The data ▸
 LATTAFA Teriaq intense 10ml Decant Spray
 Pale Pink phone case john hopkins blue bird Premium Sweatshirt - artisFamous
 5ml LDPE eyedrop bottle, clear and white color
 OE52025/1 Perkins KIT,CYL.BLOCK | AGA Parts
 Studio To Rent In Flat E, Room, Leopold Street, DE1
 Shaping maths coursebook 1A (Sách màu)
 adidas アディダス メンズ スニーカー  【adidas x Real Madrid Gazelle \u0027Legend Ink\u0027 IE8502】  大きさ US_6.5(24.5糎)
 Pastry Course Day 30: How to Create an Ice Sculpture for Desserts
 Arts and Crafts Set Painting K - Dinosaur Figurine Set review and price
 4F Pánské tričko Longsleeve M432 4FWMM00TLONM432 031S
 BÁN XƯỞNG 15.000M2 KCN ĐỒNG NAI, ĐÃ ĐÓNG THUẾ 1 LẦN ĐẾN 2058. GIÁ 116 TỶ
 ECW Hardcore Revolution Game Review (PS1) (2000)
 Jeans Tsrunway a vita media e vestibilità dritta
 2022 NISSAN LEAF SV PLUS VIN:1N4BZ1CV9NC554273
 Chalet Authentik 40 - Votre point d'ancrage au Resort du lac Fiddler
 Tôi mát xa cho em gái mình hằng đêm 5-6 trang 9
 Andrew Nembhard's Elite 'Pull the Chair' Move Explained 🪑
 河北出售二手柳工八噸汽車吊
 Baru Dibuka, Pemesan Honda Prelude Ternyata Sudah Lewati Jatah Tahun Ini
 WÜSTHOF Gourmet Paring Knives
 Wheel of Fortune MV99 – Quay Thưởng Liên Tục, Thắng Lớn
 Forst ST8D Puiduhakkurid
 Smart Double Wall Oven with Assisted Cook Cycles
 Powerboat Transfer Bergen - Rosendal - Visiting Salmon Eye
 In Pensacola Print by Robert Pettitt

Work instruction ▸ No line before the one containing "Andrew Nembhard's Elite" should be copied; restate that line and all the rest through the end of the data above word for word.

Answer to this task ▸
 Andrew Nembhard's Elite 'Pull the Chair' Move Explained 🪑
 河北出售二手柳工八噸汽車吊
 Baru Dibuka, Pemesan Honda Prelude Ternyata Sudah Lewati Jatah Tahun Ini
 WÜSTHOF Gourmet Paring Knives
 Wheel of Fortune MV99 – Quay Thưởng Liên Tục, Thắng Lớn
 Forst ST8D Puiduhakkurid
 Smart Double Wall Oven with Assisted Cook Cycles
 Powerboat Transfer Bergen - Rosendal - Visiting Salmon Eye
 In Pensacola Print by Robert Pettitt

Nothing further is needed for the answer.